DATA IN THIS EXERCISE:
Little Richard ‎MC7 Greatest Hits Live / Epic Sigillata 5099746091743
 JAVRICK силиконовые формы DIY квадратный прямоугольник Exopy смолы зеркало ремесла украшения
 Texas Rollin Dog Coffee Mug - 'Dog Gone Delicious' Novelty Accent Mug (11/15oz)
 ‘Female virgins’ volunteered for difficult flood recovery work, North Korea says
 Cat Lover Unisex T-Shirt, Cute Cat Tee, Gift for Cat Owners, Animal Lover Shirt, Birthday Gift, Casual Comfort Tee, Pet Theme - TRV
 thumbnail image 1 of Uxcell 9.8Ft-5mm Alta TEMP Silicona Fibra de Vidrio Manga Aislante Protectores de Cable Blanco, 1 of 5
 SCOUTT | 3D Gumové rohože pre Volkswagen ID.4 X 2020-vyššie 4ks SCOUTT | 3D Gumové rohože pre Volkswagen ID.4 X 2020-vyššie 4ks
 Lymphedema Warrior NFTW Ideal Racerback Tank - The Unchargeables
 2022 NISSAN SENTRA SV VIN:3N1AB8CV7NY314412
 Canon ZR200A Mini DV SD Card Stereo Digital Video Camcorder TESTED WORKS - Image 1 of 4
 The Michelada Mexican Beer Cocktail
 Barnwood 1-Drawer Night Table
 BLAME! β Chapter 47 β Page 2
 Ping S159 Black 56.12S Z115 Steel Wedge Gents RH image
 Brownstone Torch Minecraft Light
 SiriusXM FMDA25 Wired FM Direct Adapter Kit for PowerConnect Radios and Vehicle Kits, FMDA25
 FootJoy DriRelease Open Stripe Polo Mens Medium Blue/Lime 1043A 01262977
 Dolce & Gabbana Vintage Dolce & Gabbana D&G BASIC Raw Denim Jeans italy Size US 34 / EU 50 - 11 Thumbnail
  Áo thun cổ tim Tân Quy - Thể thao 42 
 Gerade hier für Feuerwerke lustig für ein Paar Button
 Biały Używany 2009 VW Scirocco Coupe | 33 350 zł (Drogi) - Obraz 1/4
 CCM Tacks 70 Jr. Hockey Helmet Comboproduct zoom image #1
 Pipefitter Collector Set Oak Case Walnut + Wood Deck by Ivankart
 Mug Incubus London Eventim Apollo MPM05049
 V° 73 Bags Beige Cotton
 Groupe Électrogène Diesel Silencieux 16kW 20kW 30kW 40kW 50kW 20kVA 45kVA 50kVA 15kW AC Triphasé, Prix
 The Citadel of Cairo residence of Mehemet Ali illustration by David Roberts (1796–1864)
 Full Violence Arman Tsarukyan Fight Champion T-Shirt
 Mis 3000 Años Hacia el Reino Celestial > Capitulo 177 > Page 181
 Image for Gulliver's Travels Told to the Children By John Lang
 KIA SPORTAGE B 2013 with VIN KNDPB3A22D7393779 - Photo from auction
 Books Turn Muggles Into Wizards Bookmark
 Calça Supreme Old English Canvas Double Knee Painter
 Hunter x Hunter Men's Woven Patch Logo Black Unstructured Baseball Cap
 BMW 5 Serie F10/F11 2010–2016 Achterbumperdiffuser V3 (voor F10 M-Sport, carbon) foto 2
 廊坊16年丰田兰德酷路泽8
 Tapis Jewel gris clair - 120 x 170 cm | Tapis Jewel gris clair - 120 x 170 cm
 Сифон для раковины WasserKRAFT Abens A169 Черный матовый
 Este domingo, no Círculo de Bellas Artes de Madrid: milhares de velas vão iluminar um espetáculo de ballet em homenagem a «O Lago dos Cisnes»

EXERCISE OBJECTIVE: Within the data above, the span starting at the line containing "Full Violence Arman" and ending at the line containing "Сифон для раковины" is to be retyped exactly, with no other lines.

WRITTEN SOLUTION:
 Full Violence Arman Tsarukyan Fight Champion T-Shirt
 Mis 3000 Años Hacia el Reino Celestial > Capitulo 177 > Page 181
 Image for Gulliver's Travels Told to the Children By John Lang
 KIA SPORTAGE B 2013 with VIN KNDPB3A22D7393779 - Photo from auction
 Books Turn Muggles Into Wizards Bookmark
 Calça Supreme Old English Canvas Double Knee Painter
 Hunter x Hunter Men's Woven Patch Logo Black Unstructured Baseball Cap
 BMW 5 Serie F10/F11 2010–2016 Achterbumperdiffuser V3 (voor F10 M-Sport, carbon) foto 2
 廊坊16年丰田兰德酷路泽8
 Tapis Jewel gris clair - 120 x 170 cm | Tapis Jewel gris clair - 120 x 170 cm
 Сифон для раковины WasserKRAFT Abens A169 Черный матовый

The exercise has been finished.